No, you don't want to show multiple connections for the same physical pin on the schematic. This will lead to confusion because anyone else looking at the schematic will expect that each of those connections is actually a different physical pin.
You do this by listing all the possible pin functions in the pin name. For example, here is what my PIC 18F67J60 part looks like in a schematic:
First notice that power pins are at top and ground pins at bottom. That reduces some of the clutter around the remaining pins, and of course makes the schematic more clear on its own. In most cases, a circuit will only make use of one of the functions of each pin. It would be nice if there was a way to highlight the function or functions actually used, but removing the unused functions is worse. It can be quite useful to see what the part could have done or might do with different firmware.

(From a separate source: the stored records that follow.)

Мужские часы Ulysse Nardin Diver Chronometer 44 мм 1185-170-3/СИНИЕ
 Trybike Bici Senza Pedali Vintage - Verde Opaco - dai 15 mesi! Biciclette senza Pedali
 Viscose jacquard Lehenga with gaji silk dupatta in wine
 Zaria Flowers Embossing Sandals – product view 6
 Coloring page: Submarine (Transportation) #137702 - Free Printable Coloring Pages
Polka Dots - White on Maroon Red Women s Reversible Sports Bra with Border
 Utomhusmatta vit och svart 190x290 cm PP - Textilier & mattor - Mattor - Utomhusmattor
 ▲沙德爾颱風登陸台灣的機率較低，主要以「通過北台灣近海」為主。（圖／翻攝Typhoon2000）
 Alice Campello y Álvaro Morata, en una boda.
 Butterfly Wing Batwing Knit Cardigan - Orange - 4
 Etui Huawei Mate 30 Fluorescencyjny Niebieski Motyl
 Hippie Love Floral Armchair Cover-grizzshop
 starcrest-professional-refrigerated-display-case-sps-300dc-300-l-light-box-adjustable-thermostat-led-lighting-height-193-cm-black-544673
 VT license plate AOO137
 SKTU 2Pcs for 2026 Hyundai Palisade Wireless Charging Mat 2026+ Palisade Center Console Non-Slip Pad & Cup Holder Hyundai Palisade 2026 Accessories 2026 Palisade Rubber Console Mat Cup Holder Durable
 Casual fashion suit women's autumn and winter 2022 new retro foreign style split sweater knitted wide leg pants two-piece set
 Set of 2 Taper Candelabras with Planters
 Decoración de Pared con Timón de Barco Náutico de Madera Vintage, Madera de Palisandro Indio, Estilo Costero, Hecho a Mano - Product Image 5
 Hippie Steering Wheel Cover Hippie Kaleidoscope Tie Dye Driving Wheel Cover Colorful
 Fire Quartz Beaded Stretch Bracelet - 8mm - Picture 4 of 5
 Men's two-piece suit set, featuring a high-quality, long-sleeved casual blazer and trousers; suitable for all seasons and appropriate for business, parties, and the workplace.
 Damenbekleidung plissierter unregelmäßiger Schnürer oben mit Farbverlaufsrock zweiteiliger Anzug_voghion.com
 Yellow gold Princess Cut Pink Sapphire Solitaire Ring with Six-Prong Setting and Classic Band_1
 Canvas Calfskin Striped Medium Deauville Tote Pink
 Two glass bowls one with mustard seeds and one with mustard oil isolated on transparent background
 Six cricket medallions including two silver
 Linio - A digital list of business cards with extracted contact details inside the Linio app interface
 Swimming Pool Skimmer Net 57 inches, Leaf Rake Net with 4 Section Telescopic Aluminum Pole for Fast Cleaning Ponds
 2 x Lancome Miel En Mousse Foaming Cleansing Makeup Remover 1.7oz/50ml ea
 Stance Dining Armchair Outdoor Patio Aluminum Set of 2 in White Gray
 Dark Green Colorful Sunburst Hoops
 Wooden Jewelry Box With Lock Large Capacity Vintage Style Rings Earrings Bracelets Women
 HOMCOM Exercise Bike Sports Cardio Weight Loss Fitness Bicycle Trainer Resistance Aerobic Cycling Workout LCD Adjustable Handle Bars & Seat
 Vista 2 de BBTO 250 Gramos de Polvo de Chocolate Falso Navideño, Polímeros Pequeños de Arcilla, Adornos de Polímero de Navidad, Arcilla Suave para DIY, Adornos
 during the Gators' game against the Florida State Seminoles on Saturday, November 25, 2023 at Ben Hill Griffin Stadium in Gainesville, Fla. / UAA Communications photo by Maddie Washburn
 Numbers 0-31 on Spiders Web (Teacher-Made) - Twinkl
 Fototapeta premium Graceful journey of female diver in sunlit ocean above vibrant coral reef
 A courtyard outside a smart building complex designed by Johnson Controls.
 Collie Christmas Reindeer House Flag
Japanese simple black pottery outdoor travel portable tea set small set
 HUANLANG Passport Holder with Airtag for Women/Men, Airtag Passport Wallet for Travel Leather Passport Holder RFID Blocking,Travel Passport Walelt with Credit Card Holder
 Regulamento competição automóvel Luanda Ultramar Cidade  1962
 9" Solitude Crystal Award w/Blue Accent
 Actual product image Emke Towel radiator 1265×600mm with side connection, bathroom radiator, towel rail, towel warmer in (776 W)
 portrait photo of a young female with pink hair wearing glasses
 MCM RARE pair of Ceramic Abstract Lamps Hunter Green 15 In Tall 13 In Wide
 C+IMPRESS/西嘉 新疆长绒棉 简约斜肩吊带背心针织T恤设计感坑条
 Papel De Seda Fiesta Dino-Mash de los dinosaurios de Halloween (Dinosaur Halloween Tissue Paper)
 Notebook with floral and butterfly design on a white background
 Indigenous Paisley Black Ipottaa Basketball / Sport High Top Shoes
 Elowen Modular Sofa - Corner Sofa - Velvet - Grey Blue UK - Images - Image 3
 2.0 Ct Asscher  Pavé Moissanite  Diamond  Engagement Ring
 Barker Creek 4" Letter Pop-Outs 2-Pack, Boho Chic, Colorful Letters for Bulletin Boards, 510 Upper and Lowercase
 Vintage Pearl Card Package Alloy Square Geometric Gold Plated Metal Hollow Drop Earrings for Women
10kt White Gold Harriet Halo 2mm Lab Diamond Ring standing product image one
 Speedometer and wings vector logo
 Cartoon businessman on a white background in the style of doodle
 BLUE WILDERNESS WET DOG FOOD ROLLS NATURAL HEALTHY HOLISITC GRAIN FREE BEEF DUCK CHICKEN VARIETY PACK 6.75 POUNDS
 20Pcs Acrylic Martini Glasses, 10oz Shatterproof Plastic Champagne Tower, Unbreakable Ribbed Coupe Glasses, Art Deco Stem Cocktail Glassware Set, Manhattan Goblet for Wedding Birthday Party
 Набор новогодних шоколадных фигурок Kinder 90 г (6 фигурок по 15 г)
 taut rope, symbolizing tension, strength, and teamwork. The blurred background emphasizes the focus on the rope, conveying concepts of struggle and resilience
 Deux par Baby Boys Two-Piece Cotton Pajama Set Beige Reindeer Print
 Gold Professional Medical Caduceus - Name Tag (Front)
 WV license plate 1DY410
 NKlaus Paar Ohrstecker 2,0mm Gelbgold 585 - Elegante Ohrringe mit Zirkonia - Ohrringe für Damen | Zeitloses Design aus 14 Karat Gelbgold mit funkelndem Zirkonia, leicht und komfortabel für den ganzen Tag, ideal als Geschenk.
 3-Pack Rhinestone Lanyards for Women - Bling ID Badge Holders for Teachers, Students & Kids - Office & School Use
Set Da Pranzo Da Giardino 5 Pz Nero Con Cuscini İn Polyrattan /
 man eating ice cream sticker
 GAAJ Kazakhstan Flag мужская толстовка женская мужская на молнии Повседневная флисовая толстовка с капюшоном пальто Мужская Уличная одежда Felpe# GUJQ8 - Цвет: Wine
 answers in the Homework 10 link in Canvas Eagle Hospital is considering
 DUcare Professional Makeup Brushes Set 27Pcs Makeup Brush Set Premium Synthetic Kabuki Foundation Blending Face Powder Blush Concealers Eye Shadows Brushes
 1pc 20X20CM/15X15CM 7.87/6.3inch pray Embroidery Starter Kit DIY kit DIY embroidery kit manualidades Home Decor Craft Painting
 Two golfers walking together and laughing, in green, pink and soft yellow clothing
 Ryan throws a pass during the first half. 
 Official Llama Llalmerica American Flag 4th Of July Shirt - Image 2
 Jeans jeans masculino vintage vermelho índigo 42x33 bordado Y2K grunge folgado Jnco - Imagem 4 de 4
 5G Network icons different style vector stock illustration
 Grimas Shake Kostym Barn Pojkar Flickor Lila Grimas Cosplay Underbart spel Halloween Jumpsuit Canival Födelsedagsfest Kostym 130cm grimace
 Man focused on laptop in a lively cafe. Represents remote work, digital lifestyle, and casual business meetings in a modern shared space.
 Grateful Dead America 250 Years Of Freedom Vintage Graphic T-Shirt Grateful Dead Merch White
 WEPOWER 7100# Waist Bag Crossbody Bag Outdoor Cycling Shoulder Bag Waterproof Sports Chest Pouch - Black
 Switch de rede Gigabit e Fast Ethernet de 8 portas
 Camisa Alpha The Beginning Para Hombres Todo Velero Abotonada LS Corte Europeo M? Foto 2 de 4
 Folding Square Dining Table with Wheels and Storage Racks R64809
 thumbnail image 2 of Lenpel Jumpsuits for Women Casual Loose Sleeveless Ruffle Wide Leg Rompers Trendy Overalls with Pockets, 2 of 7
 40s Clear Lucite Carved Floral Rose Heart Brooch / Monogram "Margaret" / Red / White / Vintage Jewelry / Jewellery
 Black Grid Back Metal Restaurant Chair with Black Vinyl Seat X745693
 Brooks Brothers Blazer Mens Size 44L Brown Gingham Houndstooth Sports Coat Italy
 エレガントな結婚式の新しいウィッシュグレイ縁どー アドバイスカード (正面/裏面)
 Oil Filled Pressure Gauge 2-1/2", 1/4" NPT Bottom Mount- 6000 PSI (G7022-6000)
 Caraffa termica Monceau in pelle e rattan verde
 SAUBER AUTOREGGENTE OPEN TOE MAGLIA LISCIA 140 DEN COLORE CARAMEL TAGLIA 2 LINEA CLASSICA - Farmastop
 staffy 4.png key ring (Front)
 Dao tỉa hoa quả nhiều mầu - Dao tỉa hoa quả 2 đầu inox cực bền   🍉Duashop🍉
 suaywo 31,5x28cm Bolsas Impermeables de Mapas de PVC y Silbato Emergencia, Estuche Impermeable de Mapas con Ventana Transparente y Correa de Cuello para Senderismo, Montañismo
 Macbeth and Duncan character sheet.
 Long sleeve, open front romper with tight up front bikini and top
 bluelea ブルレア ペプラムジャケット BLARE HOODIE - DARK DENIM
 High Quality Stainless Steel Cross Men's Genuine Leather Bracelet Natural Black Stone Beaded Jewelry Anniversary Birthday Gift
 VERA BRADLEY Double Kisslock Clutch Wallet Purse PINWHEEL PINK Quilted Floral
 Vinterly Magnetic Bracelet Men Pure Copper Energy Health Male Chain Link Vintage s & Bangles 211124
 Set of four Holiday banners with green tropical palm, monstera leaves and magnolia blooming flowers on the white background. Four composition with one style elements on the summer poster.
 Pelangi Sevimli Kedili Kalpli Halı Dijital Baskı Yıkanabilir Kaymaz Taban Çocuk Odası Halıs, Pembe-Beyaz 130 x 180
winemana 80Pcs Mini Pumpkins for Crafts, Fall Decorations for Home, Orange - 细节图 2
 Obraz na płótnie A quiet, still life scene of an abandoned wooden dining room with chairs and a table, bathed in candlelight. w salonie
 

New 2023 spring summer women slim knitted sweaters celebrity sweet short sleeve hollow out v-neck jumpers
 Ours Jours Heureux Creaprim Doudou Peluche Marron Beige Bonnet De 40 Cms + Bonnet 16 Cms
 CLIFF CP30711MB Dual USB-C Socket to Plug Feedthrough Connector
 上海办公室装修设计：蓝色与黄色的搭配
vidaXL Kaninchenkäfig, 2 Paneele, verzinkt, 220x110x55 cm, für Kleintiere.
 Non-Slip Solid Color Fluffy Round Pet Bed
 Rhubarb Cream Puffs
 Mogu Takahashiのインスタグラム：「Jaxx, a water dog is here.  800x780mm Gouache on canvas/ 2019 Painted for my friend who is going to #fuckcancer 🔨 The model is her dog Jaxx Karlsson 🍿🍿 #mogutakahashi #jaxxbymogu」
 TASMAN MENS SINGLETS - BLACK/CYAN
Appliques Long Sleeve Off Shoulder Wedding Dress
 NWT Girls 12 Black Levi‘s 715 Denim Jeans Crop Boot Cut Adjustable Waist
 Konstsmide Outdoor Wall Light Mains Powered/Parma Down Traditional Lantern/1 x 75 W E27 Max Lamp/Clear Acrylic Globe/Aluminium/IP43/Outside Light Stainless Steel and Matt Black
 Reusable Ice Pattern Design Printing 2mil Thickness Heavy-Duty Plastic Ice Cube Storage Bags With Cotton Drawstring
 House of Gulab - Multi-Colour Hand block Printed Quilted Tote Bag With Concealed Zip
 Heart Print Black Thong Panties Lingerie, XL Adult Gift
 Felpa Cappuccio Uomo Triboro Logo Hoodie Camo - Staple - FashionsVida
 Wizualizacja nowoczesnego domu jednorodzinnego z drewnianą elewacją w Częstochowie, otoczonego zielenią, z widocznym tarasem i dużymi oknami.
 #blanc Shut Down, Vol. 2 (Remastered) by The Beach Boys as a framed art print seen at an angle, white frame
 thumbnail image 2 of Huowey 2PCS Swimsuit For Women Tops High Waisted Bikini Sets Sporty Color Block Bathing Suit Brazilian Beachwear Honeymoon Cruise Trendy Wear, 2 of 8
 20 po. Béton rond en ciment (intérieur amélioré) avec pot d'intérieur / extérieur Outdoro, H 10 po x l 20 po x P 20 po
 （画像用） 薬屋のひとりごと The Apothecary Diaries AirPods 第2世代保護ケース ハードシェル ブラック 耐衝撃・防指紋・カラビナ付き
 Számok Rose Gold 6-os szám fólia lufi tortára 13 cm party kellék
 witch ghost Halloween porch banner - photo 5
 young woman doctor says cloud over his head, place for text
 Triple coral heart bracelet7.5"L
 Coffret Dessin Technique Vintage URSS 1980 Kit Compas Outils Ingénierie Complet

Most of the time how a pin gets used is obvious from the schematic. One trick that greatly helps with this is to show logical direction for pins. I have little arrow symbols in Eagle just for that purpose. They are small and therefore don't get in the way, but help a great deal towards clarifying the circuit. Reasonable net names also help. Here is a small section of a schematic with the direction arrows and net names:
Particularly note the bottom two pins. Those are UART signals to another processor, so thereby are using the TX and RX functions of those pins. Each net can only have a single name, even though it will be the TX function (output) on one processor and the RX function (input) on the other. In this case I named the nets from this processor's point of view. This is the network processor within the overall device, so I named them NETTX and NETRX to help indicate the names are relative to this processor. However, there is potential for confusion at the other processor since NETTX will go into its RX pin and NETRX will go out of its TX pin. The arrows at the other processor will help a lot to head off a likely confusion.